The advantage of using unmanned aircraft over manned aircraft or balloons to monitor the air are many. “A helicopter totally mixes up the atmosphere, disrupting what we want to sample,” Cahill said. “Balloons can sample the atmosphere going up and down, but they’re limited moving horizontally. Unmanned aircraft are a good option — we can vertically and horizontally map pollutants without disturbing the atmosphere too much. And unmanned aircraft are great in terms of safety aspects — you don’t need to stick a pilot over the heart of a forest fire.”

One concern when it comes to using UAS to search for air pollution is that the aircraft may disturb the very air they seek to analyze. “We don’t want the wash from the rotors to mix the atmosphere too much, so how do we get the air inlet that takes in the air away from the rotor wash?” Cahill said. “We don’t place it to the top or the bottom, but to the side. We see a lot of the same difficulties we encountered for years through air monitoring with manned aircraft.”

In addition, working in Alaska can pose a number of special challenges. “In the cold, plastic can get brittle, so you can shatter rotors—we go to carbon fiber instead,” Cahill said. “Icing is also a huge challenge for us, and we actually work with folks to put drones in an icing wind tunnel, doing experiments with de-icing coatings and active de-icing systems that get rid of ice in flight.”

And there are other problems that most researchers don’t face. “In the Arctic we have to guard against polar bears so we don’t get eaten,” Cahill said. In addition, “the runways we use are often gravel, and we have to be careful about what happens when the larger unmanned aircraft land and kick up gravel into instruments.”

Redundancy is key to successful missions with the drones. “Our largest unmanned aircraft have three different command and control links,” Cahill said. “If the 2.4 gigahertz radio channel goes out, we can fly using Iridium satellite communications and can still get the aircraft back.”
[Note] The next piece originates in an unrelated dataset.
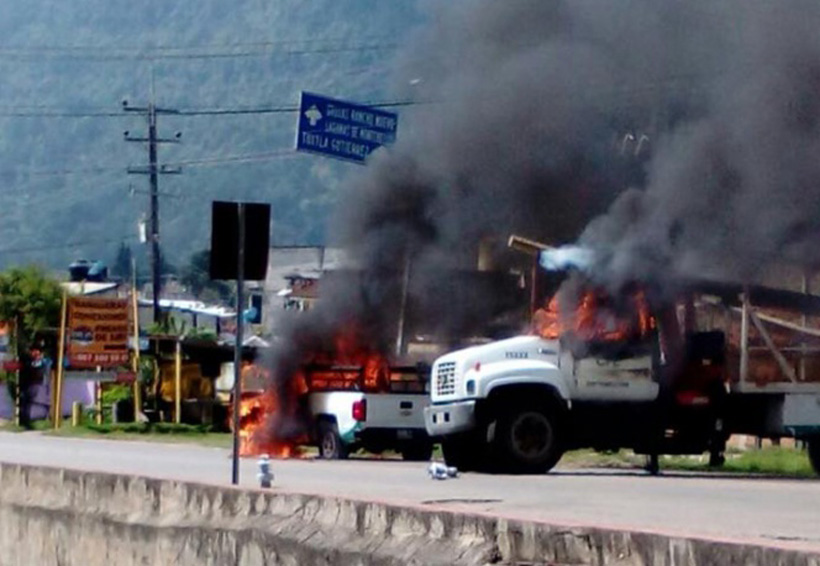 Bloquean carretera e incendian vehículos de CFE maestros en Chiapas | El Imparcial de Oaxaca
Right now, testing air pollution in cities remains a challenge because of FAA regulations concerning long-distance flights past line of sight, flights over people, and flights where unmanned aircraft might collide with manned aircraft. Still, Cahill noted that through work at their test site and others, the FAA is developing ways that may one day allow unmanned aircraft “to fly over cities safely, so that they can be used to their fullest potential,” she said. “That way we can get the information about the air that we need to protect people.”